L’ONG Salvați Copiii (Sauvez les enfants) a publié un nouveau rapport sur les enfants roumains dont les parents sont partis à l’étranger. Anca Stamin, chargée de projet au sein de l’ONG, revient sur les résultats de cette étude nationale…
Quelles sont les nouvelles données concernant les enfants dont les parents sont partis travailler à l’étranger ?
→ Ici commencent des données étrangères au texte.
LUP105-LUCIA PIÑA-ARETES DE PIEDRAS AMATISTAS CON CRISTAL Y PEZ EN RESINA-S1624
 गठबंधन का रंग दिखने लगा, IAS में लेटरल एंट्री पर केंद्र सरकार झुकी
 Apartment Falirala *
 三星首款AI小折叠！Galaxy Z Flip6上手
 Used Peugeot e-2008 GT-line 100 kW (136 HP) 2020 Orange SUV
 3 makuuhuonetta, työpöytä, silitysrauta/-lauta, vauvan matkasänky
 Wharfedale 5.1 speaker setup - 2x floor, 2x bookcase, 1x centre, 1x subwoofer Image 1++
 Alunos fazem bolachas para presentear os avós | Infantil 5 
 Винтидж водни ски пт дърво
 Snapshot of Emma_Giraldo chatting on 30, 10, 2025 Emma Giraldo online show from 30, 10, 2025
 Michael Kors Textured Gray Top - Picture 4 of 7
Selon nos recherches, un enfant sur quatre en Roumanie a déjà fait l’expérience d’au moins un parent parti travailler à l’étranger, l’enfant restant dans le pays. Dans le courant de l’année 2022, plus d’un demi-million d’enfants, sur environ 4 millions en Roumanie, ont vu au moins un de leurs parents partir travailler à l’étranger. Or, les statistiques officielles ne font état que d’environ 70 000 enfants dans cette situation. Sur ces 536 000 enfants, environ 184 000 ont vu leurs deux parents ou le seul parent en charge partir. Ceux-là ont alors été confiés à leurs grands-parents ou d’autres proches. L’étude revient également sur les conséquences du départ pour l’enfant, notamment psychologiques. Elle révèle qu’ils sont plus sujets à un comportement à risque et à des difficultés scolaires. Ils ont souvent des difficultés émotionnelles, beaucoup d’entre eux ressentent un sentiment d’abandon, de culpabilité, d’autant plus que beaucoup de parents leur disent qu’ils partent pour leur bien, sans se rendre compte qu’ils laissent ainsi un lourd fardeau sur les épaules de leur progéniture.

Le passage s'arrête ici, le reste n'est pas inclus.